Talk of Facebook and perils of technology loom large at 2018 TED conference
Thought leaders in tech sector weigh in on pros and cons of innovation in their sector
Chatter about the perils of technology has loomed large at the TED conference in Vancouver this week, as Facebook CEO Mark Zuckerberg faces Congressional hearings in the U.S.
The conference, the source of many TED Talks online, attracts thousands of global leaders in the tech sector — on and off the stage.
The risks of technology were addressed on stage by Jaron Lanier, one of the speakers on Tuesday, the opening night of the conference.
Lanier is a long-time Silicon Valley innovator who is said to have coined the term virtual reality. His pals were some of the first to create advertising-based models for programs like Google and Facebook.
"As the technology improved, it evolved into a full-blown continuous surveillance and behaviour modification model, and that is something that really is not survivable," Lanier told CBC News the morning after his talk.
"When you have a society based on the idea that the only way for people to connect, to work together, is if third parties are paying to manipulate those people, there's no way for that society to not go insane."
Dressed in baggy, black clothes, Lanier is a large, soft-spoken man with long dreadlocks. He's also a cult-like figure at TED, with fans approaching him like moths drawn to light as he walks through the conference's hallways.
"In principle some of these technologies could be beneficial," he said, referring to smart appliances and home devices. "The problem is that there's this other shadow side in which the data that they gather about you is being used to manipulate you."
That's not to say that Lanier is a tech pessimist. Technological advances have brought huge benefits over the years, he said.
He cites the virtual reality medical training models used to treat patients like his wife, who recently underwent cancer surgery.
"Somehow the idea that you can't have the benefits [of technology] without the creepiness has become ingrained because a small minority of people make so much money off of it, but in truth they can be separated," Lanier said.
'It's not scare-mongering'
The potential hazards of artificial intelligence was the subject of Max Tegmark's Wednesday morning talk.
Tegmark is a researcher at MIT and also the co-founder of the Future of Life Institute, an organization that aims to foresee possible pitfalls that artificial intelligence, or AI, may prompt.
The institute also wants to develop a positive goal for where AI can take society.

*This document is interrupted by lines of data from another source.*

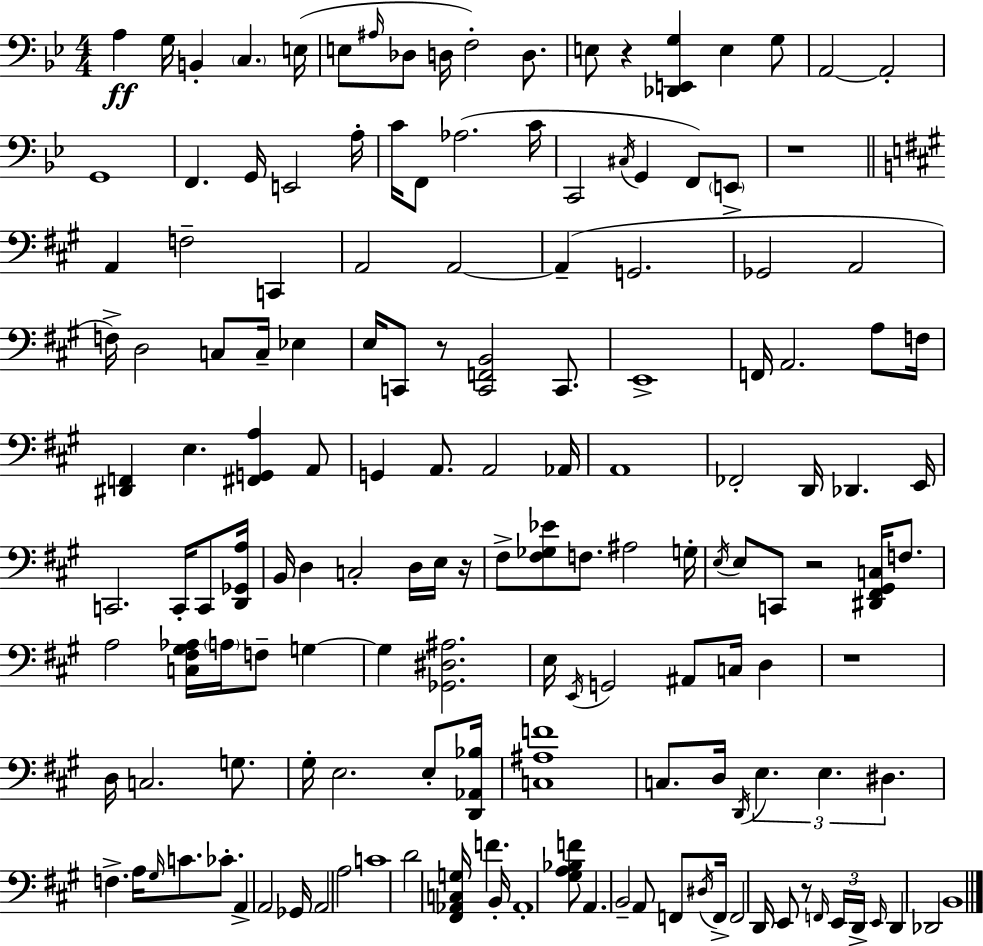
X:1
T:Untitled
M:4/4
L:1/4
K:Bb
A, G,/4 B,, C, E,/4 E,/2 ^A,/4 _D,/2 D,/4 F,2 D,/2 E,/2 z [_D,,E,,G,] E, G,/2 A,,2 A,,2 G,,4 F,, G,,/4 E,,2 A,/4 C/4 F,,/2 _A,2 C/4 C,,2 ^C,/4 G,, F,,/2 E,,/2 z4 A,, F,2 C,, A,,2 A,,2 A,, G,,2 _G,,2 A,,2 F,/4 D,2 C,/2 C,/4 _E, E,/4 C,,/2 z/2 [C,,F,,B,,]2 C,,/2 E,,4 F,,/4 A,,2 A,/2 F,/4 [^D,,F,,] E, [^F,,G,,A,] A,,/2 G,, A,,/2 A,,2 _A,,/4 A,,4 _F,,2 D,,/4 _D,, E,,/4 C,,2 C,,/4 C,,/2 [D,,_G,,A,]/4 B,,/4 D, C,2 D,/4 E,/4 z/4 ^F,/2 [^F,_G,_E]/2 F,/2 ^A,2 G,/4 E,/4 E,/2 C,,/2 z2 [^D,,^F,,^G,,C,]/4 F,/2 A,2 [C,^F,^G,_A,]/4 A,/4 F,/2 G, G, [_G,,^D,^A,]2 E,/4 E,,/4 G,,2 ^A,,/2 C,/4 D, z4 D,/4 C,2 G,/2 ^G,/4 E,2 E,/2 [D,,_A,,_B,]/4 [C,^A,F]4 C,/2 D,/4 D,,/4 E, E, ^D, F, A,/4 ^G,/4 C/2 _C/2 A,, A,,2 _G,,/4 A,,2 A,2 C4 D2 [^F,,_A,,C,G,]/4 F B,,/4 _A,,4 [^G,A,_B,F]/2 A,, B,,2 A,,/2 F,,/2 ^D,/4 F,,/4 F,,2 D,,/4 E,,/2 z/2 F,,/4 E,,/4 D,,/4 E,,/4 D,, _D,,2 B,,4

For Tegmark, discussions about the advantages and disadvantages of AI are both necessary.
"The more clearly we can envision a positive future, the more likely it is we're going to get it," he said. "The one way to make failure inevitable is to tell yourself that you're doomed and to stop looking for solutions."

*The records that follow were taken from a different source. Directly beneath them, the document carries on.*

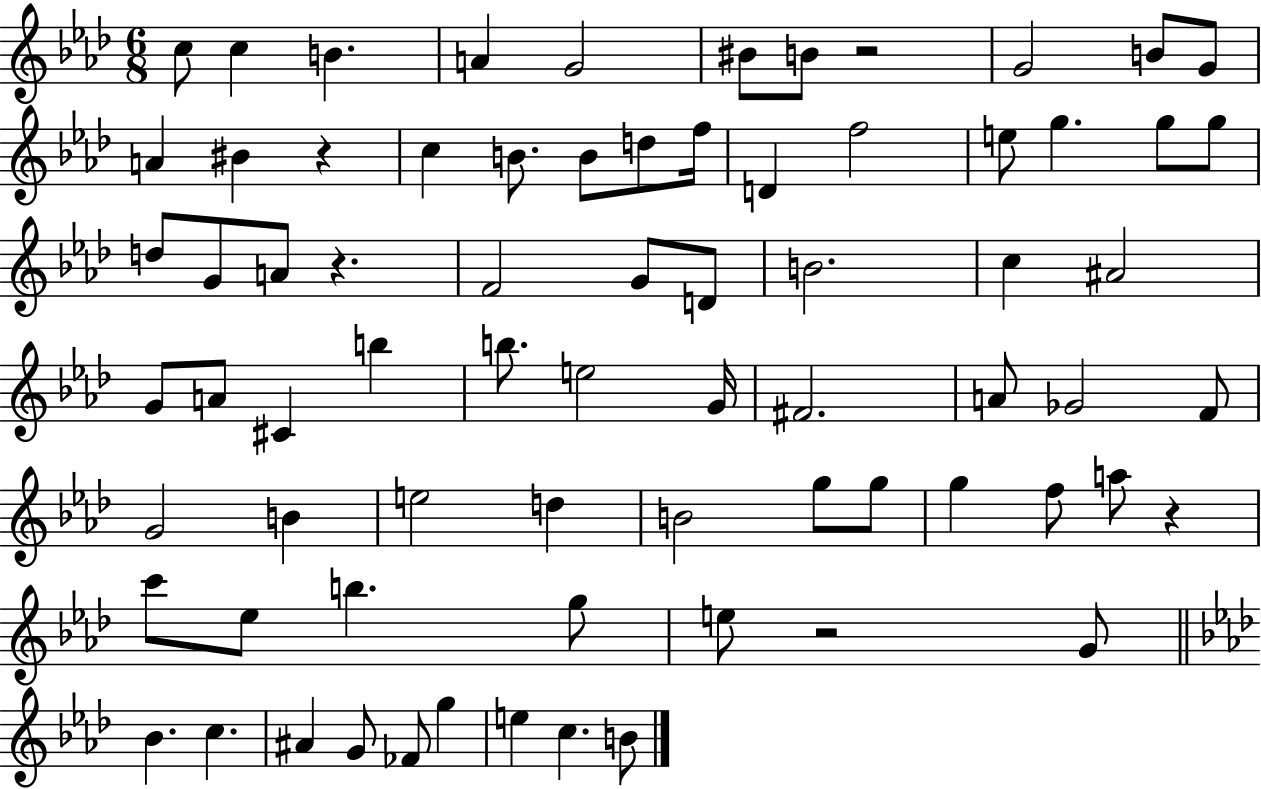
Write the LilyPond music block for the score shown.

{
  \clef treble
  \numericTimeSignature
  \time 6/8
  \key aes \major
  c''8 c''4 b'4. | a'4 g'2 | bis'8 b'8 r2 | g'2 b'8 g'8 | \break a'4 bis'4 r4 | c''4 b'8. b'8 d''8 f''16 | d'4 f''2 | e''8 g''4. g''8 g''8 | \break d''8 g'8 a'8 r4. | f'2 g'8 d'8 | b'2. | c''4 ais'2 | \break g'8 a'8 cis'4 b''4 | b''8. e''2 g'16 | fis'2. | a'8 ges'2 f'8 | \break g'2 b'4 | e''2 d''4 | b'2 g''8 g''8 | g''4 f''8 a''8 r4 | \break c'''8 ees''8 b''4. g''8 | e''8 r2 g'8 | \bar "||" \break \key aes \major bes'4. c''4. | ais'4 g'8 fes'8 g''4 | e''4 c''4. b'8 | \bar "|."
}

Tegmark, a tall, lanky man, acknowledges that questions remain about who gets to determine what a positive future looks like, and for whom.
He also acknowledges that AI has potential for some dire long-term consequences. And he warns that simply learning from mistakes is an outdated strategy for AI.
"It's much better to plan ahead and get things right the first time, because that might be the only time we've got," he said. "It's not scare-mongering at all. It's what we call safety engineering at MIT."
Tegmark, like others at TED, also says it's not enough to criticize the status quo. People must put forward solutions for progress to occur, he said.
'A new way of thinking'
That's the same refrain advocated by Cesar Hidalgo, also a researcher at MIT.
"I could have come here and given a talk about how everything is wrong and how we should all be scared and I would have gotten a standing ovation," he said.
Instead, Hidalgo put forward a bold idea to bolster democracy during his Wednesday morning talk.
His proposal is a model of direct decision-making, helped by the same type of technology that provides you with book recommendations on Amazon.
The technology — called recommender software — could give citizens the ability to vote on proposed policies. The idea is based on his decade of work with countries like the U.S. and his native Chile to aggregate large-scale data sets in order to make policy decisions.
Hidalgo doesn't deny that his idea might seem far-fetched, and he emphasizes that it's not likely to be implemented anytime soon.
"Maybe 20 or 30 years from now, thinking of augmenting democracy with artificial intelligence might be worth a shot," he said. "We have now new alternatives that have been enabled by new technologies that were not available before."